Figure 1.6 Room-temperature strain rate sensitivity of electrodeposited Ni with a different grain size.

1.3 Wear Properties

As in the case of tensile properties, wear behavior in metals is influenced by grain size [14]. The normal indentation test represents a limited application in predicting the tribological response. On the other hand, the scratch test, in which a hard indenter is slid across the surface of the material, is a tool for testing materials under conditions of controlled abrasive wear [15]. Frictional sliding or scratch testing is an alternative technique to characterize the hardness and response of materials in contact with hard indenters. During frictional sliding under conditions where the tip apex angle is sufficiently large to prevent the onset of discontinuous plasticity, a steady-state regime is reached after applying a constant normal force over a sufficient distance.

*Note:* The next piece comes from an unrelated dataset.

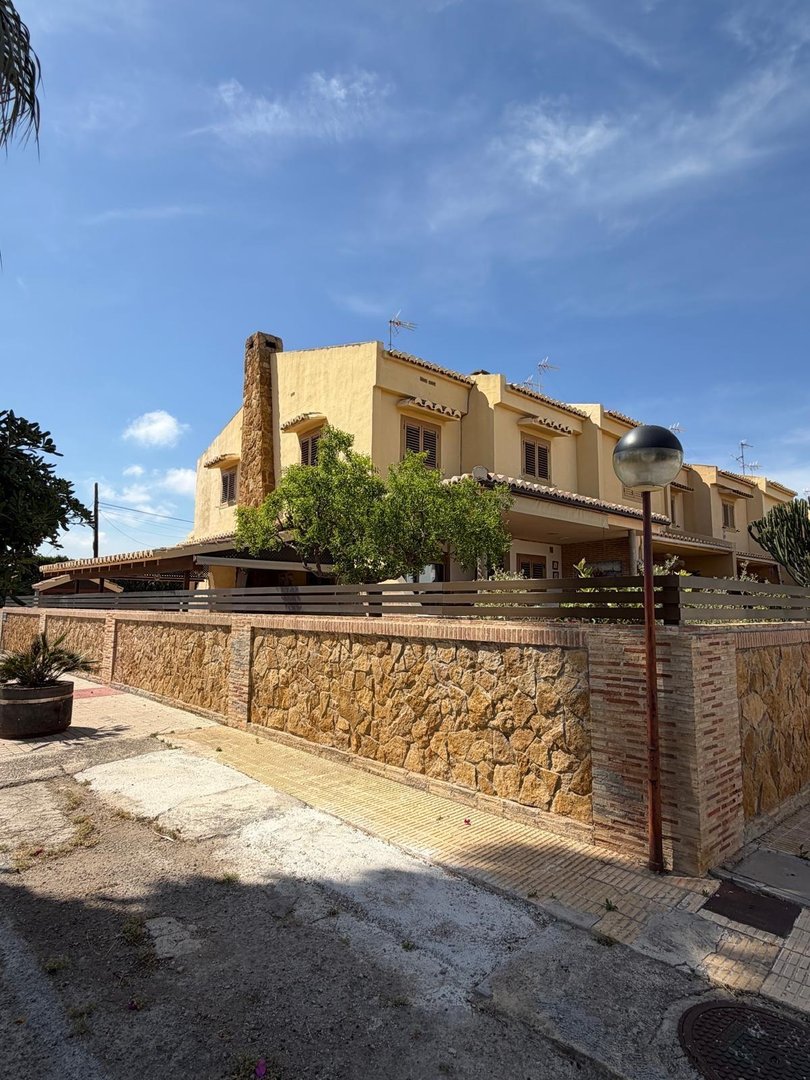 Casa de 130 m² en Sagunto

The characteristics of the residual scratch profile in this steady-state regime can be used to document the resistance and properties of the materials. From the scratch tests, it can be underlined that, with decreasing grain size, the material shows a significant increase in the friction coefficient (Table 1.2). Such a behavior becomes more evident by increasing the applied load and the penetration depth due to the different strain hardening of the material, which increases with decreasing mean grain size. In scratch tests, the normalized hardness and the normalized pile-up height are sufficient to determine the plastic strain hardening exponent and the initial yield strength. The friction coefficient decreases with increasing yield strength and strain hardening; however, the yield strength, due to grain refinement, appears more effective in improving the wear properties of the materials.

Table 1.2 Variation of friction coefficient with scratch load and penetration depth for electrodeposited nickel

1.4 Fatigue Properties

The fatigue properties of materials are strongly governed by the grain size variation. Many experimental evidences can be presented both in the ultrafine and in the NC regime [16–18]. The first evidence can be underlined from the S–N curves of materials (Figure 1.7). In general, grain refinement via ECAP leads to an increase in fatigue properties in stress-controlled tests. The main damage mechanism has been recognized in the early strain localization and microcrack formation for the ECAP materials. In general, a strong decrease in fatigue properties was shown for SPD materials in the LCF regime of intermediate-to-high plastic strain amplitudes. On the contrary, in the HCF regime of intermediate-to-low plastic strain amplitudes, it results in high enhancement of the fatigue resistance for materials with grain refinement. In addition, it was observed that an annealing treatment, subsequent to the ECAP process, lead to enhancement of the LCF properties due to the increase in ductility. Such a behavior is obtained by partially recovering the grain boundary region that has been heavily distorted during processing. Pure UFG Ti, Al, and Ni show a decrease in ΔK threshold and an increase in crack propagation rate. On the contrary, pure Cu revealed higher susceptibility to crack initiation and a faster crack growth rate. Such a behavior is due to the different crack path related to the ductility variation after SPD demonstrated by the strain-controlled fatigue tests. For electrodeposited NC and UFG Ni, it was observed that the fatigue behavior of the materials is highly strain dependent. Even if grain refinement leads to an increase in the number of cycles to failure at the same stress levels investigated, the results for very close microstructures (20 and 40 nm) resulted in a strong function of the ductility (very high stresses).

nfg007

Figure 1.7 Fatigue curves of Ti produced via severe plastic deformation with UFC microstructure (a) and of Ni with ultrafine and NC microstructures (b).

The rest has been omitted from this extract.